Supper's Ready.

  • 23 minutes of SR plus near 2 minutes of Horizons is pushing vinyl to the limit IF you want to keep the bass at proper levels

    True, but Side 2 of FOXTROT is far from being the longest side on a Genesis LP. Side 2 of SELLING beats it by a full 4 minutes, for example.

    Little known fact: Before the crowbar was invented...


    ...crows simply drank at home.

  • Is this where I bore everyone again with my recollections of the reunion in 82?


    There is a recent thread on the reunion, but suffice it to say, it is a very special memory.


    After a whole evening of classics, to see Peter perform Supper's Ready was something I'll never forget. The roar when he announced "Supper's Ready" after a typically mysterious story, was HUGE!


    I feel very luck to have been there.

  • Willow Farm is great. You have the beginning section of the song which takes a downturn in HDIBSB when WF lifts it with a jolly tune to get us ready for the drama to come. SR may have separate sections but it makes a tremendous whole with the sum of the parts being even greater . I read Tony Iommi's autobiography and he deliberately puts in the lighter stuff to make the heavier stuff heavier and WF fits on with this philosophy. All Great stories have light and shade and Willow Farm provides that balance . I've read that Suppers Ready is a hard listen but to me it's an easy listen. Like all their stuff there is nothing that goes on too long , no time to get boring.

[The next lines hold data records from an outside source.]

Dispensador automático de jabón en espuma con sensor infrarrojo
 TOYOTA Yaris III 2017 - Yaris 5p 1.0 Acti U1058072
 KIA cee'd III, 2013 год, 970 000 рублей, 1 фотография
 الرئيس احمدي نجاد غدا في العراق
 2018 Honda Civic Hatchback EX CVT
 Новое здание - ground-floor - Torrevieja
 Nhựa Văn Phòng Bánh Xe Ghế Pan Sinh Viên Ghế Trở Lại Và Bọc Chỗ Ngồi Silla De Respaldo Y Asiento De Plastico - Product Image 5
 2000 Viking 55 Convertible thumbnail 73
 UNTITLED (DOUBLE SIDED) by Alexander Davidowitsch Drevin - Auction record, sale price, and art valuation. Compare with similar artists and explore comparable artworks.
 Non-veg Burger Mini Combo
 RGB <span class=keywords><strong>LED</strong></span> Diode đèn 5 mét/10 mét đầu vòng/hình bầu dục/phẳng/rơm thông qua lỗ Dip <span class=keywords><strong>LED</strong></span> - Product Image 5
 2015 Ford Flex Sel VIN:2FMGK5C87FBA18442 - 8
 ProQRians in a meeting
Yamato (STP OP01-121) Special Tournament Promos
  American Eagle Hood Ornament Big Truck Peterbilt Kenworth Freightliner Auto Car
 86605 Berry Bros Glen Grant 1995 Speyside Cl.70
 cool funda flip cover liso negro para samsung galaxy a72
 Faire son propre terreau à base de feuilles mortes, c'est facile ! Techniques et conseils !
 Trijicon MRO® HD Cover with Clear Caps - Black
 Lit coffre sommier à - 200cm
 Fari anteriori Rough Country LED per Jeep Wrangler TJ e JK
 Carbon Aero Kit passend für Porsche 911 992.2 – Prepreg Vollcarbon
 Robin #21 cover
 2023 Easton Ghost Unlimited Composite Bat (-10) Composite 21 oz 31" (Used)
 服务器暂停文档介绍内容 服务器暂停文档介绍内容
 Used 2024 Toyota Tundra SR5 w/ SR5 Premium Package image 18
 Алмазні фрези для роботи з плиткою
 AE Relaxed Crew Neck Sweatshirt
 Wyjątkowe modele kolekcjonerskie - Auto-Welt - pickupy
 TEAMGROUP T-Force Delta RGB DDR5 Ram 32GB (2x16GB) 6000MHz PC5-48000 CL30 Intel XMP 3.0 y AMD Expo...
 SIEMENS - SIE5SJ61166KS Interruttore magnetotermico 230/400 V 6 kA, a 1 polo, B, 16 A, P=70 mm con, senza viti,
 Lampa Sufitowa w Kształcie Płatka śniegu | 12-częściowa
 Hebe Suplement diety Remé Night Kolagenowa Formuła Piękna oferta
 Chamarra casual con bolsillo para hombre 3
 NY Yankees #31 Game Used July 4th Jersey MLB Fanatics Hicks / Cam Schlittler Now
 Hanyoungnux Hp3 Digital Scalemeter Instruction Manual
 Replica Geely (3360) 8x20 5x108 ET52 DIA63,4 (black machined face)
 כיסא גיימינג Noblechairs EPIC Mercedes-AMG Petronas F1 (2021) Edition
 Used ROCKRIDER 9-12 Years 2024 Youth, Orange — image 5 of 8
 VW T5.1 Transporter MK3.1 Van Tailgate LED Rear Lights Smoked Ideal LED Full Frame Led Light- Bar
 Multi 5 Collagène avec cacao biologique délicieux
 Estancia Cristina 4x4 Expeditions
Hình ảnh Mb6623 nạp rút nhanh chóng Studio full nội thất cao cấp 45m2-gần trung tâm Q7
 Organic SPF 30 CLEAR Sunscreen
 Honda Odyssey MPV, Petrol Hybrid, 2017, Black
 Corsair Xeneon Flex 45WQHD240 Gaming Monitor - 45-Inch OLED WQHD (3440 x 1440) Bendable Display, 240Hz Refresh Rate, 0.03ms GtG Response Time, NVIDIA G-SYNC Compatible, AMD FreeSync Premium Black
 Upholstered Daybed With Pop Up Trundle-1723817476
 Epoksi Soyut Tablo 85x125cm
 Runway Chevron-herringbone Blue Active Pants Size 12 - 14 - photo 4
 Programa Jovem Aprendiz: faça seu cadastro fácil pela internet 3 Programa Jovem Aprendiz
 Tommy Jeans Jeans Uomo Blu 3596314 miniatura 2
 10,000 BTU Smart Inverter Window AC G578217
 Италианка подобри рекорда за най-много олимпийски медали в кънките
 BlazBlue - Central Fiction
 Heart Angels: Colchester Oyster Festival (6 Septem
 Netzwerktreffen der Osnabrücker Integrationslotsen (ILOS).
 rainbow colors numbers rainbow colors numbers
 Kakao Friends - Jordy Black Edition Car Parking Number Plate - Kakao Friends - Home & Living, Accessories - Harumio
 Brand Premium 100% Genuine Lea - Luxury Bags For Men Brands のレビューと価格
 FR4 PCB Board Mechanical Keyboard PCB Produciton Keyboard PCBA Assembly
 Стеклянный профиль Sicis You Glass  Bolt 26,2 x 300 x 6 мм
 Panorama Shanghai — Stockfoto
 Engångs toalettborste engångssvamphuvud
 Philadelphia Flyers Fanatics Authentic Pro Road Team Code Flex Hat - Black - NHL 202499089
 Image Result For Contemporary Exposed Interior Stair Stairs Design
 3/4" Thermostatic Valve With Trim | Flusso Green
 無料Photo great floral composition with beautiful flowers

    Much of SR lyrics create an imagery , oftem without specifics . This gives the listener room to put their own interpretations on it which is great. I've read that WF is just some silliness. I've read it's about a retreat or fat farm .I've read it has nothing to do with the rest of the song . Maybe it's right . But I see it in this way. There's a battle and people die. WF is the after life. They're dead. Like it or not, like what you got your under the soil, literally buried maybe awaiting rebirth bodies melting, .... all change...Theegg was bird... oh no I'm gonna change into a human being, ..... you name them all we've had them here ... And then life goes on to fit our places... mum washing and dad officing.The fox on the rocks is the devil.( PG said the fox is the devil. Spelt focks?) Everything is there. The sheer surface silliness of WF creates a slightly chilling atmosphere and gets us ready for the final battle between good and evil. Well that's how I see it and I like it that way. It fits perfectly.

    I can certainly appreciate how it gets the song from point a to point b, like a middle reprieve from the rest, and I enjoy your enthusiasm for this section! I think my problem with it is perhaps how far out of the rest of the song it is. Maybe it's just too much of a contrast.


    That said, I like Harrold the Barrel and Who Dunnit (to some degree) so perhaps it's just the contrast between what is otherwise going on within Suppers Ready, and this silly section which does also have all of the other positive qualities you have mentioned.

  • I could be remembering wrong, but I recall reading somewhere that the band basically started with "Willow Farm" and wanted to write something big for it to pop up unexpectedly in the middle of.

    Little known fact: Before the crowbar was invented...


    ...crows simply drank at home.

  • I could be remembering wrong, but I recall reading somewhere that the band basically started with "Willow Farm" and wanted to write something big for it to pop up unexpectedly in the middle of.

    Oh. The version I've always read, usually quoting Banks, is that they got started with his university pieces (Lovers and Sanctuary) which carried on developing and led to parts 3 and 4, at which point they were in danger of losing direction and sounding like they were re-treading old ground - Banks was quoted as saying "We thought, this is going to turn into Stagnation if we're not careful". So they decided to avoid that by stopping it dead after the tranquil bit they'd reached and go straight into this slightly daft bit Gabriel already had pre-written. Banks said the rest of the song quickly fell into place after that.


    Your recollection of the starting-with-Willow version is a new one on me. Can you remember where you saw that? I wonder if it's another Hackett revisionist/contrarian thing!

    Abandon all reason

  • I think the "starting-with-Willow version" is just my misunderstanding, misremembering or incomplete knowledge of the more detailed story that you cite. I was right, at least, in that "Willow" was pre-written and that the band decided to have it pop up unexpectedly in the middle of something bigger.

    Little known fact: Before the crowbar was invented...


    ...crows simply drank at home.

  • I didn't know about WF being pre written. I assume the lyrics are all by PG so if the whole of WF was pre written then it would make sense that WF was the first lyrics written in the song.

  • I didn't know about WF being pre written. I assume the lyrics are all by PG so if the whole of WF was pre written then it would make sense that WF was the first lyrics written in the song.

    Not necessarily, they had written parts 1 to 4 before deciding to drop WF in so it'd depend on how much of those parts' lyrics were already written, and whether PG already had the finished lyrics for WF or had some but re-wrote them in context of it now being part of a longer song.